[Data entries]
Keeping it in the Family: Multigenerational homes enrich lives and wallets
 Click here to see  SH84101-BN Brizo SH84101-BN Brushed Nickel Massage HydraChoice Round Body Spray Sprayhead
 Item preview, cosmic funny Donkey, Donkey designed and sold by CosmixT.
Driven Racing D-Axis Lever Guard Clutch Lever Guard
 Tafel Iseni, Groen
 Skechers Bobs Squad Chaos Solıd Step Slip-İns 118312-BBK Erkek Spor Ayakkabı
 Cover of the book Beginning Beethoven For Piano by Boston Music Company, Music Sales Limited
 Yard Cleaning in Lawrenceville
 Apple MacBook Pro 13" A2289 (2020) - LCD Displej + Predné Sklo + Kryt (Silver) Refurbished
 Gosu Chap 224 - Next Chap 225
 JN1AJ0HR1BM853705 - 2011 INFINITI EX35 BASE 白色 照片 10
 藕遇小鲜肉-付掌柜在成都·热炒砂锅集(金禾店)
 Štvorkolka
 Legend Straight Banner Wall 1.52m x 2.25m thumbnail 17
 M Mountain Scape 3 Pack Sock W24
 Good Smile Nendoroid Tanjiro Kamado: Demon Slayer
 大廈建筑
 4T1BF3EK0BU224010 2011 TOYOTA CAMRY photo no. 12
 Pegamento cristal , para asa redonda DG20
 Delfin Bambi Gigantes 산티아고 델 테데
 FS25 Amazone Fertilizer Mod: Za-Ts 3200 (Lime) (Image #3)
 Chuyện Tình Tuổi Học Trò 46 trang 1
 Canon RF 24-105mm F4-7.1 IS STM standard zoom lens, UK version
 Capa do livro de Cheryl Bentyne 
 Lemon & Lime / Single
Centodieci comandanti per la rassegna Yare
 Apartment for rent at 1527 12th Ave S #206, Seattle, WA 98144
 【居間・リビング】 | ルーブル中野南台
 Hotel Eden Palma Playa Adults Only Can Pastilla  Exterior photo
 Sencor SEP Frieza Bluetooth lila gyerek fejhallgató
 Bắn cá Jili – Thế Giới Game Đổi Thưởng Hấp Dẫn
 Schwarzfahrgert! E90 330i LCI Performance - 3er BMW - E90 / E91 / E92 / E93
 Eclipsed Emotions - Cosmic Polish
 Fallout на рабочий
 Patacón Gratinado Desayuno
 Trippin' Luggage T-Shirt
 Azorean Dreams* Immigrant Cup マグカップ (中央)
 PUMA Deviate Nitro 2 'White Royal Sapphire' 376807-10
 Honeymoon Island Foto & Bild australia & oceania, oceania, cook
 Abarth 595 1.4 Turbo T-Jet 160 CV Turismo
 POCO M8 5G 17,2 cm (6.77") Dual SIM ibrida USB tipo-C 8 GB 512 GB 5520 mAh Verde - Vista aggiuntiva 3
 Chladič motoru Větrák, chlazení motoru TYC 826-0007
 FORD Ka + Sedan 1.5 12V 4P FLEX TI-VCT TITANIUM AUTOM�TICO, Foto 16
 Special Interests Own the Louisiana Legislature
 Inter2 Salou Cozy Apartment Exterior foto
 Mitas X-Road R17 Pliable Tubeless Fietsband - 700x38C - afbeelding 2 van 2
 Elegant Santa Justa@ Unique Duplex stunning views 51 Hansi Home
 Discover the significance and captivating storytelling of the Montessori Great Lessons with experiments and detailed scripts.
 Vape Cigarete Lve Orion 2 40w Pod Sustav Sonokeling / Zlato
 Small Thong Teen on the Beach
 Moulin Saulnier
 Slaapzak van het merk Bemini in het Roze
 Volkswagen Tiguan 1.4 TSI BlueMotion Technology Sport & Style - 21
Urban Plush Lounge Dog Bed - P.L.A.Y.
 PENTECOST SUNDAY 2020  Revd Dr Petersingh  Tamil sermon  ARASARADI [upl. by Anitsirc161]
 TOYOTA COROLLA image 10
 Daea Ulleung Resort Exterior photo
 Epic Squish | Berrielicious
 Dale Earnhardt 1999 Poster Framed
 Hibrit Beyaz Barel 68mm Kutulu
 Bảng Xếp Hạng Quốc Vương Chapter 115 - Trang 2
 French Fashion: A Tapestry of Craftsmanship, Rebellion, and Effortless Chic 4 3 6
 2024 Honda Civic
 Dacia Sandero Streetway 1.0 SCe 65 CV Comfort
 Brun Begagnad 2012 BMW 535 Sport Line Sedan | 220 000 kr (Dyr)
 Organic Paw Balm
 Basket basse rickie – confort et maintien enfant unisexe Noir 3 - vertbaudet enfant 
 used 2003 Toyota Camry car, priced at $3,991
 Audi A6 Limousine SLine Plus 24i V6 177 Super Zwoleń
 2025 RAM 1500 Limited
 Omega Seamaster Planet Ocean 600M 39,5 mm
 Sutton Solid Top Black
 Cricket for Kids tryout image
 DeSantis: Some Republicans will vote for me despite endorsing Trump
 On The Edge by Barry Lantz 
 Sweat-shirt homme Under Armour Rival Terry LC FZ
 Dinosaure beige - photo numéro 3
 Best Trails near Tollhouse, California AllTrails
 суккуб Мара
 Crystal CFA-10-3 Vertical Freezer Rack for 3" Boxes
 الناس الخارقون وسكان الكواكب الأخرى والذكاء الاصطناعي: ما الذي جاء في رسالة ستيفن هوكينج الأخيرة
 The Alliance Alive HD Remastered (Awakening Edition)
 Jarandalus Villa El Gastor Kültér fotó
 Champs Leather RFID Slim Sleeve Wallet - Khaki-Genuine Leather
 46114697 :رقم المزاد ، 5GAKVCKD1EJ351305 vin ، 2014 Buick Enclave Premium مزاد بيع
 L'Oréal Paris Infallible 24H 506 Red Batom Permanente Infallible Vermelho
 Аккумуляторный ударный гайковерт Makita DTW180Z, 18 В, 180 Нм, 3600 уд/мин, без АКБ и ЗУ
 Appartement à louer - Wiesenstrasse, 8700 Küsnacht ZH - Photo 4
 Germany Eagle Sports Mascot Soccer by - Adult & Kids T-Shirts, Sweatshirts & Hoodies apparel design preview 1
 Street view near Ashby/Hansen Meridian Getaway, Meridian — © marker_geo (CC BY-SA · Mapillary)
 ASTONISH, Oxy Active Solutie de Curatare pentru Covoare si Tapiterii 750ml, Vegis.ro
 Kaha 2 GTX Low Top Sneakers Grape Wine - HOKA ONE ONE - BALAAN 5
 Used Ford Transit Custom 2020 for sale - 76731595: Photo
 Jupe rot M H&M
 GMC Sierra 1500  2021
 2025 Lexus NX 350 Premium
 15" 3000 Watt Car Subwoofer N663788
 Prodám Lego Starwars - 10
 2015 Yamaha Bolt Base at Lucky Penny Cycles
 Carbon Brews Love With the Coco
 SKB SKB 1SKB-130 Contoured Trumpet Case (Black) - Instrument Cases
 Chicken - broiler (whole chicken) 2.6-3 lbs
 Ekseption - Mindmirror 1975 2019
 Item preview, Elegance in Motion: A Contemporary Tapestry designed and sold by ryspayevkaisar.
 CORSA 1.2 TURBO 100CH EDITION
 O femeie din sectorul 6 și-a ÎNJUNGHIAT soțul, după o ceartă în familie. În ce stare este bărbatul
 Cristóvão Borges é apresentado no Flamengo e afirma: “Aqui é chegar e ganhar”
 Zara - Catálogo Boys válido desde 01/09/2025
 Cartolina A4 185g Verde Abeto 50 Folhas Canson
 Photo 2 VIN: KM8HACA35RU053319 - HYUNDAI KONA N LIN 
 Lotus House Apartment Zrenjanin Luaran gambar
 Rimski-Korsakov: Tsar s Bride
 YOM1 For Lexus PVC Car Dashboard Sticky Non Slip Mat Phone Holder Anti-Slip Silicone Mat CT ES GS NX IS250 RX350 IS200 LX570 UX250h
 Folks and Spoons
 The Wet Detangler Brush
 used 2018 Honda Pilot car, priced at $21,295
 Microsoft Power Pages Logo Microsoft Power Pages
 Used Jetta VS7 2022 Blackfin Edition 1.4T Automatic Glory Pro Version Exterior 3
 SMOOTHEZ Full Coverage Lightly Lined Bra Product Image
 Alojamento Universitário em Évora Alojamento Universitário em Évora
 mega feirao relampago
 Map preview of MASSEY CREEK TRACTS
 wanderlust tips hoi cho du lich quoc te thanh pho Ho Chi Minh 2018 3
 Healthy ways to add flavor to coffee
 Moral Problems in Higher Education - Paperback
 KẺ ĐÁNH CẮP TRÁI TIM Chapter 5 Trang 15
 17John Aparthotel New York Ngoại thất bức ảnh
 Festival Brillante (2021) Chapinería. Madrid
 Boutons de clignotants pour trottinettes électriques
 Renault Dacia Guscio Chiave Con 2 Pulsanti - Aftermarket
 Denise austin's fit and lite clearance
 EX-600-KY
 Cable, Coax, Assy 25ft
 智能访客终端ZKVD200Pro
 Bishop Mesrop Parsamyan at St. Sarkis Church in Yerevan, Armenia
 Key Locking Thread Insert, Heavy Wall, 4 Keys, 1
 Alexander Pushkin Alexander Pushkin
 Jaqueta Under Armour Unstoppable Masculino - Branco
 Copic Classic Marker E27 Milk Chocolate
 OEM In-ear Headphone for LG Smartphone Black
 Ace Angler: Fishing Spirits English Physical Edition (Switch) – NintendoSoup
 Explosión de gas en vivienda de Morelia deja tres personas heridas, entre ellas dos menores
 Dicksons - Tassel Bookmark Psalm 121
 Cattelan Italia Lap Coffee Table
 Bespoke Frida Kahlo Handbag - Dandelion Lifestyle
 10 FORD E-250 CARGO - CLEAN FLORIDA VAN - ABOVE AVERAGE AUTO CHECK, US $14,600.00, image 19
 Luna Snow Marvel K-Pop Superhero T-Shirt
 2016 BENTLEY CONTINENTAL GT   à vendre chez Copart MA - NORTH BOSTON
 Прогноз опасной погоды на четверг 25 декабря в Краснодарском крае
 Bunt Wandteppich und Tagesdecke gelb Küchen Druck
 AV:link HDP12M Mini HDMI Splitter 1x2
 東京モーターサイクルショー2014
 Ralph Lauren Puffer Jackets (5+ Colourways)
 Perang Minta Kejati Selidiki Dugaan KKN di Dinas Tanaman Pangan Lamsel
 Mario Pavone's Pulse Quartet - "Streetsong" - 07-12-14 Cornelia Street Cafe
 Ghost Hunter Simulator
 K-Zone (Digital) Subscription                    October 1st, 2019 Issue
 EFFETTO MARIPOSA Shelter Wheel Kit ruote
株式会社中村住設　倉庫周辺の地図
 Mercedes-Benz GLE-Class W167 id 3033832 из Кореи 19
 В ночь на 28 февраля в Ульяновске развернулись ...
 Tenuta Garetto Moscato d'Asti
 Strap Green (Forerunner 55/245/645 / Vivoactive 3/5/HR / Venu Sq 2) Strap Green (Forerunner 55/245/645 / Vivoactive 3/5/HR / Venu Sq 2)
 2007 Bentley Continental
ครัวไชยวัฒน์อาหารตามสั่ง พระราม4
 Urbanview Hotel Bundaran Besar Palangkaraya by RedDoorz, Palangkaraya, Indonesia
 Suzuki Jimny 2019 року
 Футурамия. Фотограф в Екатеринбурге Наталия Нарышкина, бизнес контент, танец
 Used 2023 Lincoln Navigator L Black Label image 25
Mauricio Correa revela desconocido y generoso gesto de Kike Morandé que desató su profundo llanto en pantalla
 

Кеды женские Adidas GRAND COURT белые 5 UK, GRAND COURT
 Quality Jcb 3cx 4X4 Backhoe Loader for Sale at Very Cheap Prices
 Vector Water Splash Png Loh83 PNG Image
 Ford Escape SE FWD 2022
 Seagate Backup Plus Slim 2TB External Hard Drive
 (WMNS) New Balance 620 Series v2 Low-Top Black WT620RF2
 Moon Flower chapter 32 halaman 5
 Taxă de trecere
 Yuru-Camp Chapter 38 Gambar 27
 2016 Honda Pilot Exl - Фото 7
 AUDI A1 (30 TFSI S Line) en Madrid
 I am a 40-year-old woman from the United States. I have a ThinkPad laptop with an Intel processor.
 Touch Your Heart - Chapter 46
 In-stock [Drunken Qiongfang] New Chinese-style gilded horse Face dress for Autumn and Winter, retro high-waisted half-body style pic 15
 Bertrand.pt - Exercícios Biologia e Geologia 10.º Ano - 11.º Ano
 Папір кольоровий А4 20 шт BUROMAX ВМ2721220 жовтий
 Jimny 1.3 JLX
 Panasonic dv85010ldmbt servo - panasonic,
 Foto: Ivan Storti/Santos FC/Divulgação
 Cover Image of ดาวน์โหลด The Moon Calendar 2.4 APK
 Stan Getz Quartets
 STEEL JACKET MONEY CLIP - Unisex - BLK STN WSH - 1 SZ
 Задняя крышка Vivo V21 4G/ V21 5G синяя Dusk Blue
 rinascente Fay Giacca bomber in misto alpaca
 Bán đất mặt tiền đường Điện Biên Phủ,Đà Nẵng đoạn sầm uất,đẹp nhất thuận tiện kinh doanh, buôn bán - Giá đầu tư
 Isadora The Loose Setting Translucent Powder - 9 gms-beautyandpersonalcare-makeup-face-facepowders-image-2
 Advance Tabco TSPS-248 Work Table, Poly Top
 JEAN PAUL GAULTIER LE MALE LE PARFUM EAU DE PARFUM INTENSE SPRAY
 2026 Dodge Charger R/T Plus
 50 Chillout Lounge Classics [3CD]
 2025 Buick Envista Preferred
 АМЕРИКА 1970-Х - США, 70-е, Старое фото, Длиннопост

# Activity
In the lines above, find the word "Armour" and copy each line that contains it.

# Task response
 Sweat-shirt homme Under Armour Rival Terry LC FZ
 Jaqueta Under Armour Unstoppable Masculino - Branco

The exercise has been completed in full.